Data Validation with MDF

The MDF PropDefinitions section describes properties (slots or variables), along with the data types that consitute valid values for those properties. Using this information, one can validate data that are meant to comply with these conditions.

The MDFDataValidator class uses the Pydantic data validation library to interpret MDF nodes and properties as Python classes which have attributes whose values are automatically validated. This provides several options for performing data validation against an MDF model. Data to be validated simply needs to be expressed as a Python dict or as JSON.

Example: Suppose you have defined a node called sample in MDF, with properties sample_type and amount:

import bento_mdf
from importlib.metadata import version # check package version

version("bento_mdf")
'0.11.5'
# sample-model.yml                                                                              
Handle: test
Nodes:
  sample:
    Props:
      - sample_type
      - amount
Relationships:
  is_subsample_of:
    Mul: many_to_one
    Ends:
      -	Src: sample
        Dst: sample
        Props: ~
PropDefinitions:
  sample_type:
    Enum:
      - normal
      - tumor
  amount:
    Type:
      units:
        - mg
      value_type: number

You can then validate a list of dicts of sample data using validate() as follows:

from bento_mdf import MDFReader, MDFDataValidator
mdf = MDFReader("./sample-model.yml")
val = MDFDataValidator(mdf)
result = val.validate('Sample', 
                      [{"sample_type": "normal", "amount": 0.50},
                       {"sample_type": "tumor", "amount": 1.0},
                       {"sample_type": "wrong", "amount": "fred"}])
assert result is False # at least one record was invalid
assert val.last_validation_errors[2] # the last record has error info

Available validation classes and data fields

The first argument of validate is a string, the class name, that represents a particular model node. Class names are created by CamelCasing the Node handles that appear in the MDF. Properties for Nodes become data fields within the node validation class. These are snake_case strings given by the MDF property handles.

Available node class names are found in the MDFDataValidator node_classes attribute. Available field (property) names for a node class can be retrieved with the fields_of() or props_of() method.

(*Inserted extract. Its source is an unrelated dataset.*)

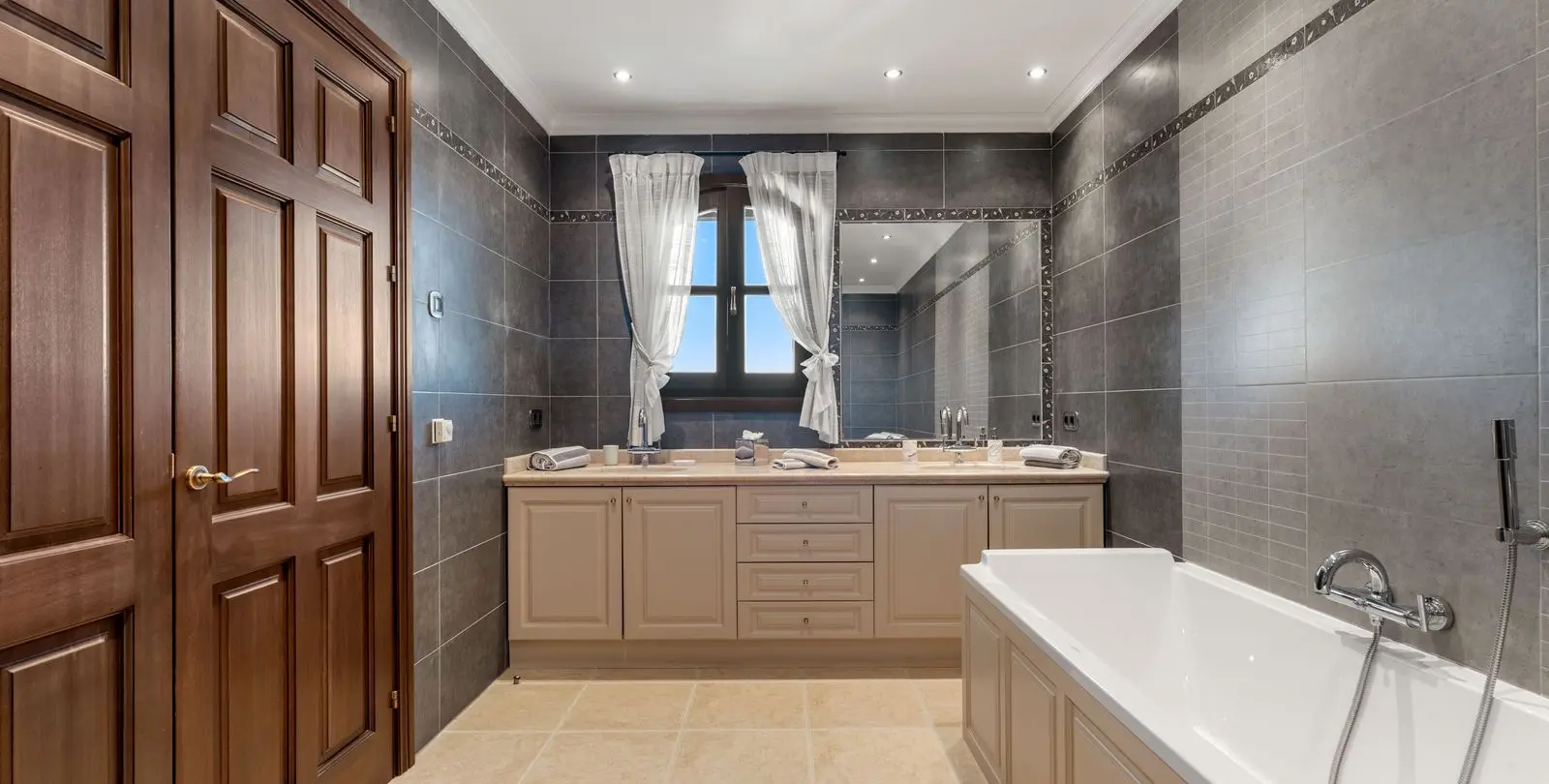 Sale of detached villa in Estepona 27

For example, using test-model.yml:

mdf = MDFReader("../tests/samples/test-model.yml")
val = MDFDataValidator(mdf)
print( val.node_classes )
# ['Case', 'Diagnosis', 'File', 'Sample']
print( val.fields_of('Sample'))
# ['sample_type', 'amount']
  0%|          | 0/7 [00:00<?, ?it/s]
100%|██████████| 7/7 [00:00<00:00, 11550.01it/s]
['Case', 'Diagnosis', 'File', 'Sample']
['sample_type', 'amount']

The second argument to validate() is the data to be validated against the given class. It is a dict or a list of dicts, whose keys are names of properties defined in the MDF for the given node, and whose values are actual data values to be validated. If all data records in the list are valid, validate() returns True; otherwise, it retuns False.

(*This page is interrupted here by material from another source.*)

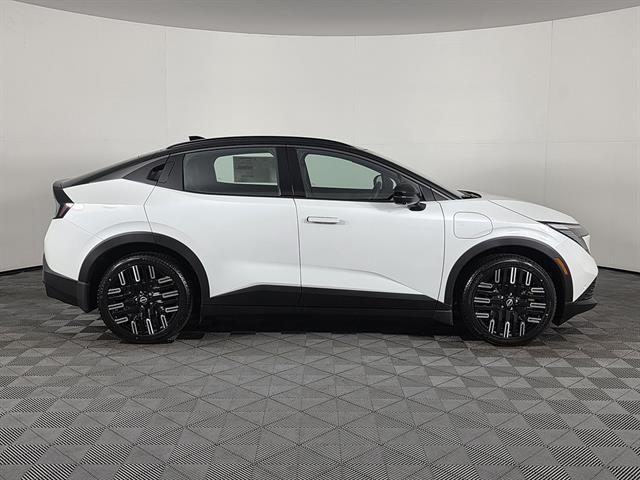 2026 Nissan LEAF PLATINUM+
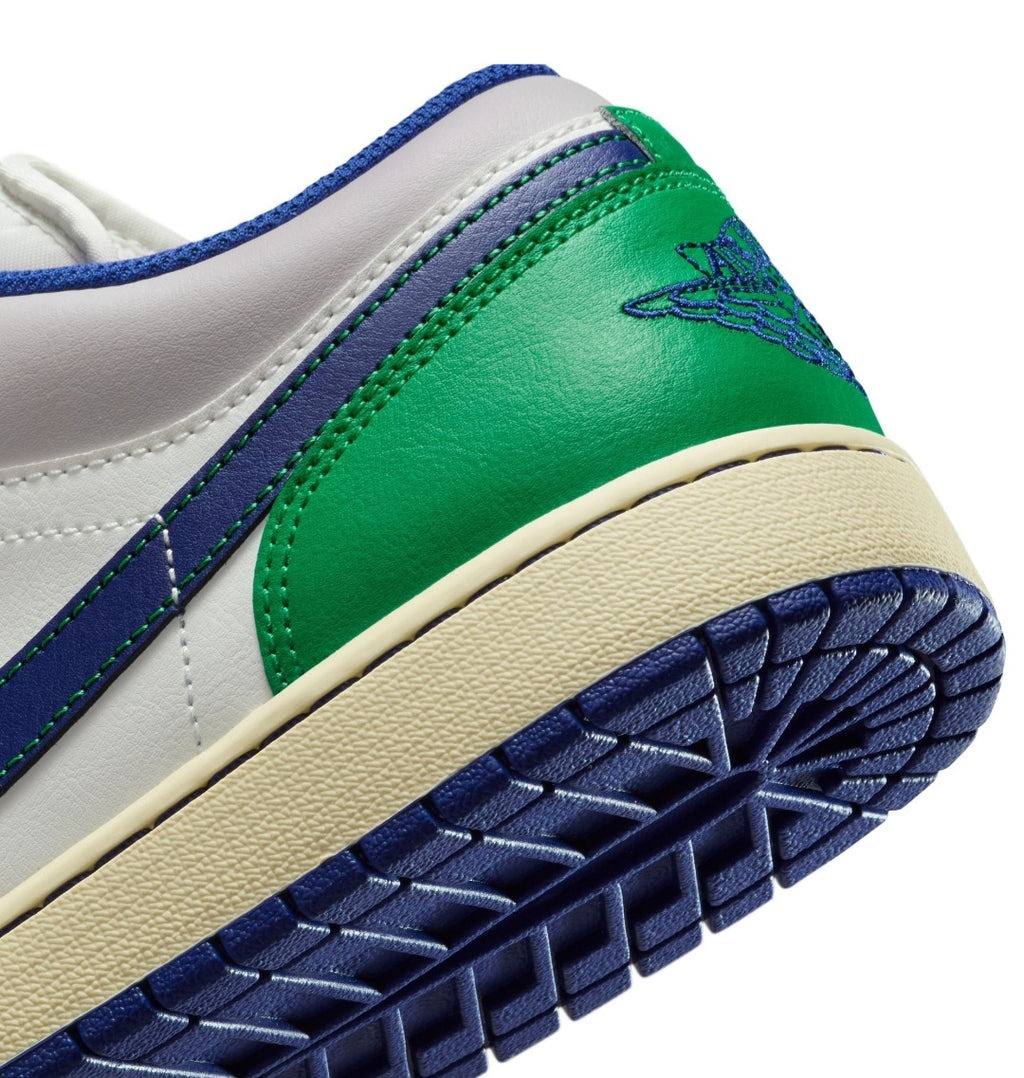 Jordan
Air Jordan 1 Low Rare
Men – Sail/Deep Royal Blue-stadium Green - Size US 9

if val.validate('Sample', {'sample_type': 'normal', 'amount':1.0}):
    print("Valid!")
else:
    print("Invalid.")
Valid!

The “Model Class”

An additional validation class is created that aggregates all Node classes. This can be used to validate a dict containing a data record for all model Nodes. The model class is named by appending ‘Data’ to the model handle. This name is found in val.model_class.

For example, test-model.yml has handle test and its model class is named testData. An example validation:

data = {
    "case": {"case_id": "CASE-22"},
    "diagnosis": {
        "disease": "http://ncicb.nci.nih.gov/xml/owl/EVS/Thesaurus.owl#C102872",
        "date_of_dx": "1965-05-04T00:00:00",
    },
    "file": {"file_size": 150342, "md5sum": "9d4cf66a8472f2f97c4594758a06fbd0"},
    "sample": {"amount": 4.0, "sample_type": "normal"},
    }
assert val.validate('testData', data)

Note that the Node keys for data are in lower case.

Inspecting validation errors

If validate() returns False, the attribute last_validation_errors will contain a dict of error lists emitted by Pydantic. The keys of the dict are the indexes in the data list of the records that errored; the values are a list of Pydantic ValidationError objects detailing the nature of the errors.

import json
data = [
    {"md5sum": "9d4cf66a8472f2f97c4594758a06fbd0",
     "file_name": "grelf.txt",
     "file_size": 50},
    {"md5sum": "9d4cf66a8472f2f97c4594758a06Fbd0",
     "file_name": "grolf.txt",
     "file_size": 50.0},
    {"md5sum": "9d4cf66a8472f2f97c4594758a06Fbd0",
     "file_name": "grilf.txt",
     "file_size": "big"}
    ]
val.validate('File', data)
print(json.dumps(val.last_validation_errors, indent=4))
{
    "1": [
        {
            "type": "predicate_failed",
            "loc": [
                "md5sum"
            ],
            "msg": "Predicate Pattern.fullmatch failed",
            "input": "9d4cf66a8472f2f97c4594758a06Fbd0"
        }
    ],
    "2": [
        {
            "type": "predicate_failed",
            "loc": [
                "md5sum"
            ],
            "msg": "Predicate Pattern.fullmatch failed",
            "input": "9d4cf66a8472f2f97c4594758a06Fbd0"
        },
        {
            "type": "int_parsing",
            "loc": [
                "file_size",
                "int"
            ],
            "msg": "Input should be a valid integer, unable to parse string as an integer",
            "input": "big",
            "url": "https://errors.pydantic.dev/2.10/v/int_parsing"
        },
        {
            "type": "int_parsing",
            "loc": [
                "file_size",
                "int"
            ],
            "msg": "Input should be a valid integer, unable to parse string as an integer",
            "input": "big",
            "url": "https://errors.pydantic.dev/2.10/v/int_parsing"
        }
    ]
}

Generated Validation Classes

MDFDataValidator generates a Python module containing Pydantic classes (generally known as “models”). The module code is contained in val.data_model; it can be printed to a file and used as an independent package in other applications.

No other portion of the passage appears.